Leaders of integrated associations and politicians, mostly from the Eastern region of Nigeria, are calling for a thorough constitutional review that will incorporate the diverse ethno-political interests and also offer equal representation in the Federal Government of Nigeria (FGR). Several archival reports made available and different interviews conducted by IDN vividly show rising tensions and the lack of strategic foresight in the current approach towards national integration before 2023, the end of President Muhammadu Buhari’s administration.
Nigeria became a formally independent federation on October 1, 1960. It, however, experienced a civil war from 1967 to 1970. After that, it alternated between democratically-elected civilian governments and military dictatorships until it achieved a stable democracy in 1999, with the 2015 presidential election marking the first time an incumbent president had lost re-election. In the 2019 presidential election, Muhammadu Buhari was re-elected for a second term in office defeating his closet rival Atiku Abubakar. As historical documents show, the Nigerian constitution was through a military decree adopted in 1999.

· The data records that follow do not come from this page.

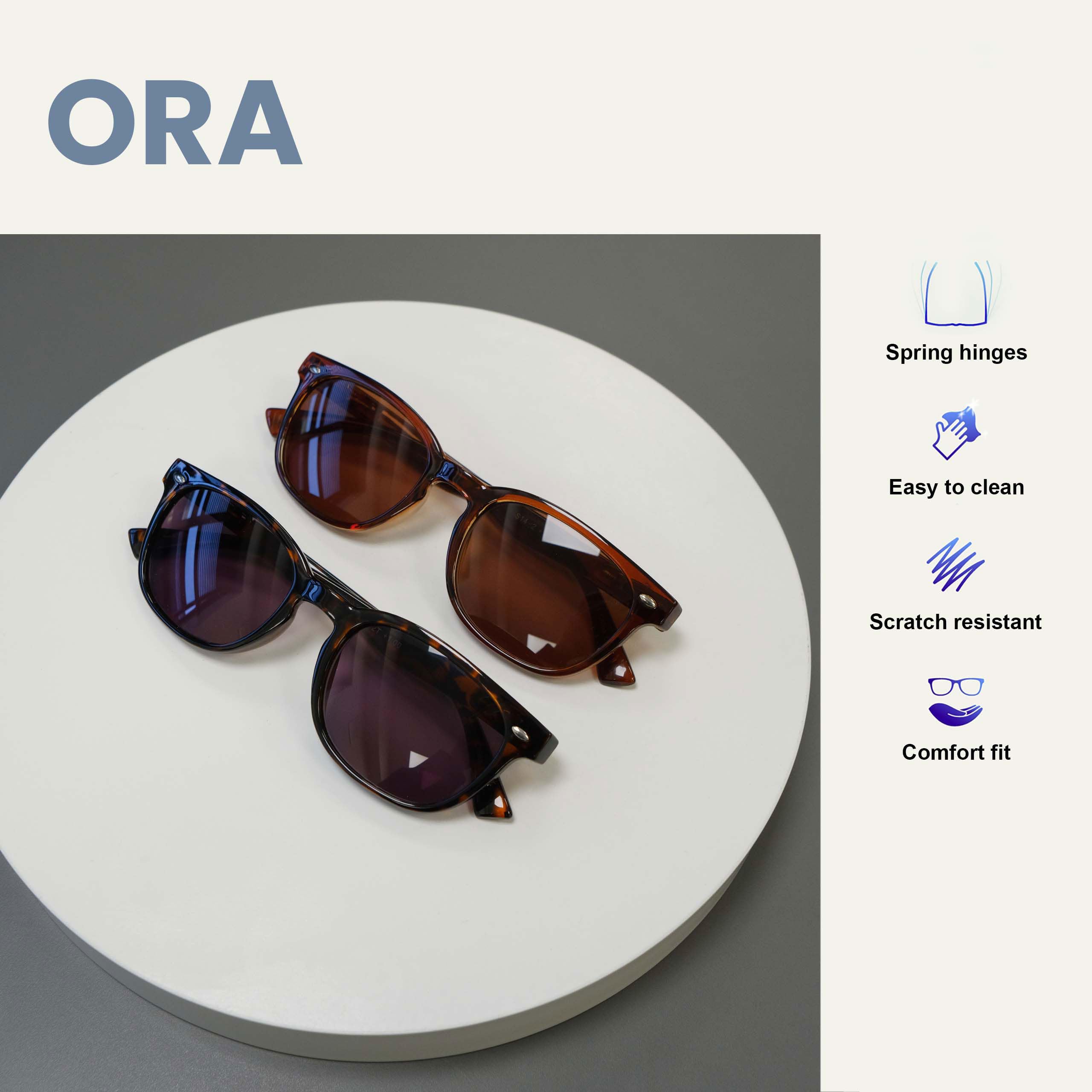 OPULIZE La Compañía Gafas De Lectura Marrón Carey Lectores De Sol UV400 Estilo Gregory Peck Hombres Mujeres S14-2T +2,00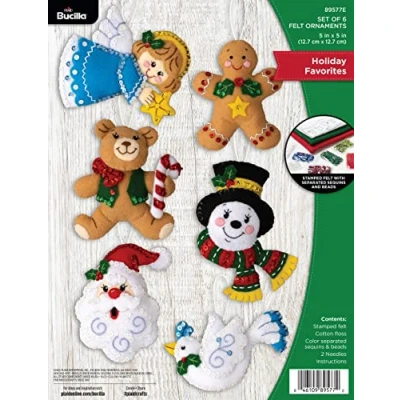 Image of Bucilla Holiday Favorites Set of 6 Felt Applique Ornament Making Kit, Perfect for DIY Needlepoint Arts and Crafts, 89577E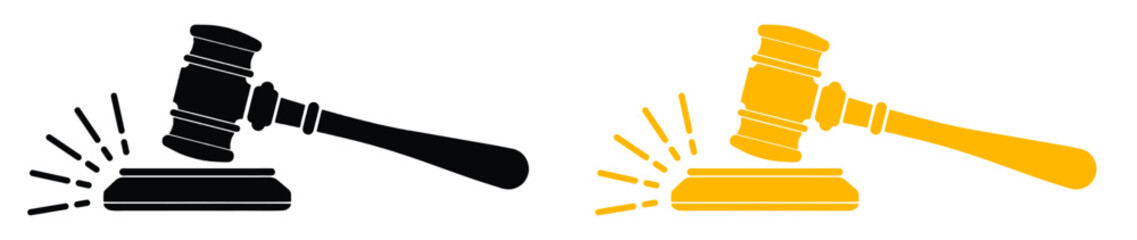 Judge's gavel. Judges gavel hammer for adjudication of sentences and bills, with a wooden stand. Law and justice concept. Wooden auction hammer.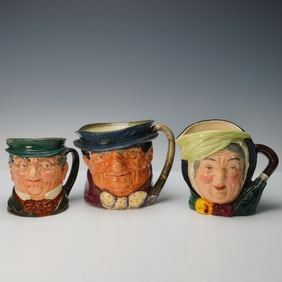 3pc Royal Doulton Character Jugs, Sairey Gamp, Tony Weller & Mr Micawber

Nigeria is divided roughly in half between Christians, whose majority lives in the southern part of the country, and Muslims, who live mostly in the north. Nigeria has respectively, the fifth-largest Muslim population in the world and the sixth-largest Christian population in the world, with the constitution ensuring freedom of religion. A minority of the population practise religions indigenous to Nigeria, such as those native to the Igbo and Yoruba ethnicities.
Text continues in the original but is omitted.